TASK INSTRUCTIONS = Beginning at the line that contains "GO WALK Arch", repeat every line of the listing exactly through the final one.

INPUT RECORDS =
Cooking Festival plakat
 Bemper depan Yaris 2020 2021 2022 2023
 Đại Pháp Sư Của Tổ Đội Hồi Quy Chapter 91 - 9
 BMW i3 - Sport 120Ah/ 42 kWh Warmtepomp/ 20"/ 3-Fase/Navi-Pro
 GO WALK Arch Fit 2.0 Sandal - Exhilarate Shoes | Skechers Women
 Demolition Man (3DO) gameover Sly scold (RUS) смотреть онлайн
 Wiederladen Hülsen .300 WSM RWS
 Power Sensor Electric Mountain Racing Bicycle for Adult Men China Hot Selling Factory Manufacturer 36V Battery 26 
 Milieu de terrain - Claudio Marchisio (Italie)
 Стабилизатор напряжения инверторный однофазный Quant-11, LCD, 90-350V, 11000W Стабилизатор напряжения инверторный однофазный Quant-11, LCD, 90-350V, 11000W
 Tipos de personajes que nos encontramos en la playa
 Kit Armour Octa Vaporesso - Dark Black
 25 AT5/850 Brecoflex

RESPONSE AREA =
 GO WALK Arch Fit 2.0 Sandal - Exhilarate Shoes | Skechers Women
 Demolition Man (3DO) gameover Sly scold (RUS) смотреть онлайн
 Wiederladen Hülsen .300 WSM RWS
 Power Sensor Electric Mountain Racing Bicycle for Adult Men China Hot Selling Factory Manufacturer 36V Battery 26 
 Milieu de terrain - Claudio Marchisio (Italie)
 Стабилизатор напряжения инверторный однофазный Quant-11, LCD, 90-350V, 11000W Стабилизатор напряжения инверторный однофазный Quant-11, LCD, 90-350V, 11000W
 Tipos de personajes que nos encontramos en la playa
 Kit Armour Octa Vaporesso - Dark Black
 25 AT5/850 Brecoflex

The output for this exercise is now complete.